The three-member panel’s decision affirms a judge’s findings in 2021 that the coffee chain violated employees’ rights repeatedly in late 2019 and early 2020, when baristas were pushing the company to guarantee predictable work schedules and address discrimination based on race and LGBTQ status. The board has ordered Starbucks to offer reinstatement and back pay to the two fired workers, Tristan Bussiere and Echo Nowakowska.
Starbucks has denied that it retaliates against workers for trying to organize their stores, but in this case “the judge found nearly every violation alleged to have been committed” by the company, the board noted. Starbucks challenged “almost all of the judge’s findings” unsuccessfully.
“We disagree with the decision and are considering all options to obtain a full legal review of the matter,” a Starbucks spokesperson said in a statement.
Philadelphia Baristas United, the organizing effort in that city, preceded a larger Starbucks union campaign that began in 2021 and has led to hundreds of stores around the country forming unions. But the findings in the Philadelphia case track with the many allegations made by workers in the nationwide organizing push — namely, that Starbucks has closely monitored union leaders and targeted them for retribution.
“I wanted to share that we’re keeping an even closer eye on [the Philadelphia store].”
– A Starbucks manager in an email
When Bussiere and Nowakowska began talking with a union organizer in 2018, their manager alerted a regional director and a human resources official, who then interviewed workers at their store. Human resources took the concern all the way to an executive vice president at the company.
After workers at the store submitted a petition related to discrimination, health, safety and other issues, Starbucks’ media relations department began monitoring their activity on Instagram, tracking who liked, shared or commented on their posts, according to filings.
One manager sent a concerned email marked “urgent and confidential,” noting that baristas were asking questions about sick leave and scheduling. “It feels like the energy in the store is ramping up again with partners looking to add ‘demands’ to their work environment without wanting to have real conversations about them,” the manager wrote, using the chain’s terminology for its employees.
“I wanted to share that we’re keeping an even closer eye on” the store, a human resources manager wrote to a superior. He said the company should move “with urgency” but be “tactical” about it.
Managers eventually reduced Nowakowska’s hours by as much as 40% and then fired her. They also issued a written warning against Bussiere and later fired him as well.
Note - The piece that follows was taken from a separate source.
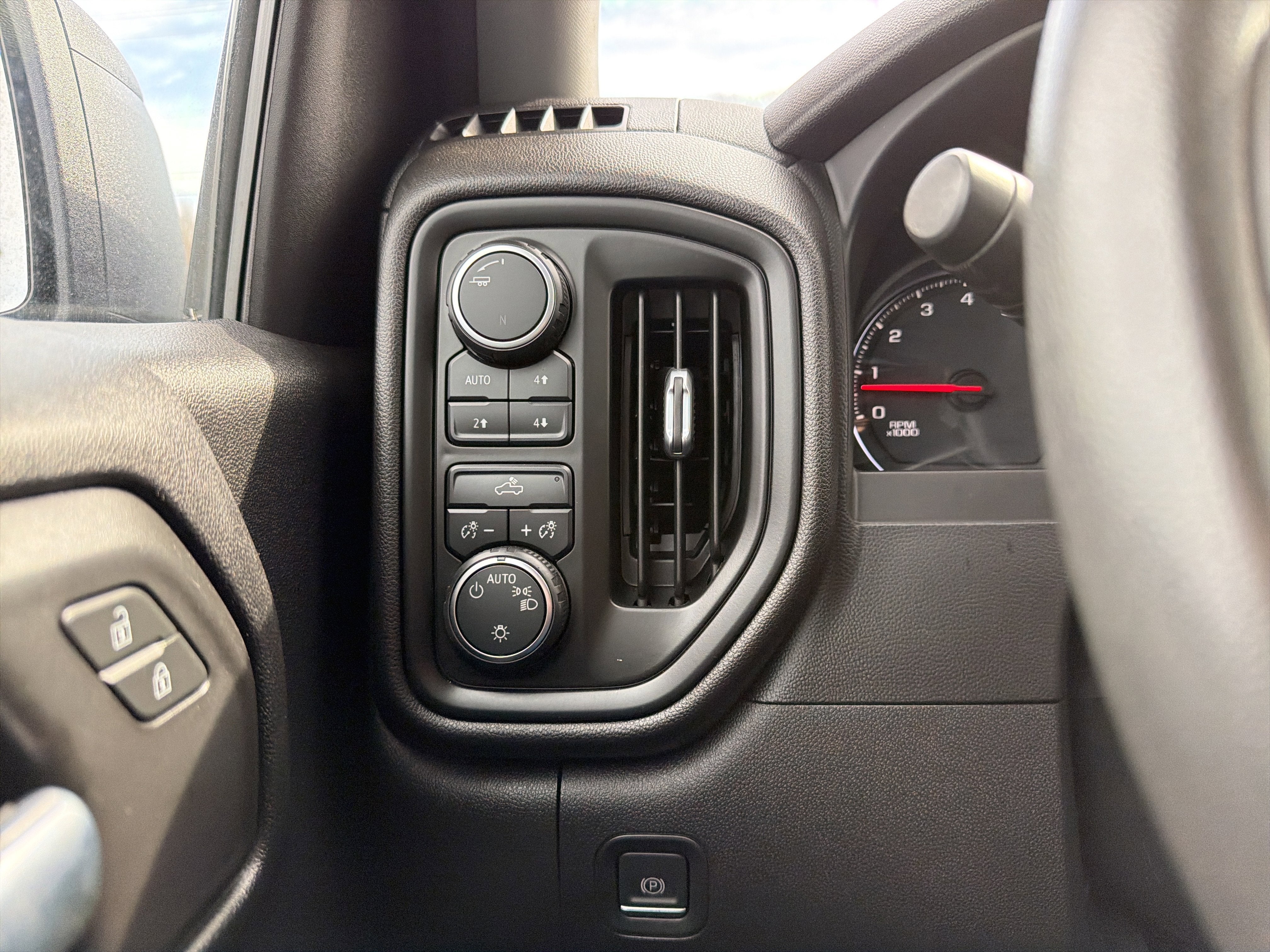 2020 Chevrolet Silverado 1500 Custom Trail Boss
The company claimed the firings were legitimate and due to performance issues, but both the judge and the labor board found that the workers’ organizing efforts were a “motivating factor” in the company’s actions, making them illegal. They also rejected Starbucks’ argument that the workers should not be reinstated because they had violated both company policy and Pennsylvania state law by recording conversations with their manager.
The coast-to-coast Starbucks organizing campaign, which is spearheaded by the union Workers United, has led to hundreds of similar accusations of illegal union busting at the company.
The NLRB’s general counsel, who functions as a prosecutor for labor law, has found merit in many of those allegations, issuing more than 75 complaints against Starbucks covering 237 unfair labor practice charges around the country, a board spokesperson said Monday. Judges have issued decisions in just seven of those cases so far. As the Philadelphia ruling demonstrates, it often takes years for a case to make its way through the labor board with appeals.
The Starbucks workers who have unionized at nearly 300 stores are now in the process of trying to bargain their first contracts with the company, a notoriously difficult and long process. In November, the labor board ruled that Starbucks was not bargaining in good faith with workers who had unionized in the chain’s home city of Seattle.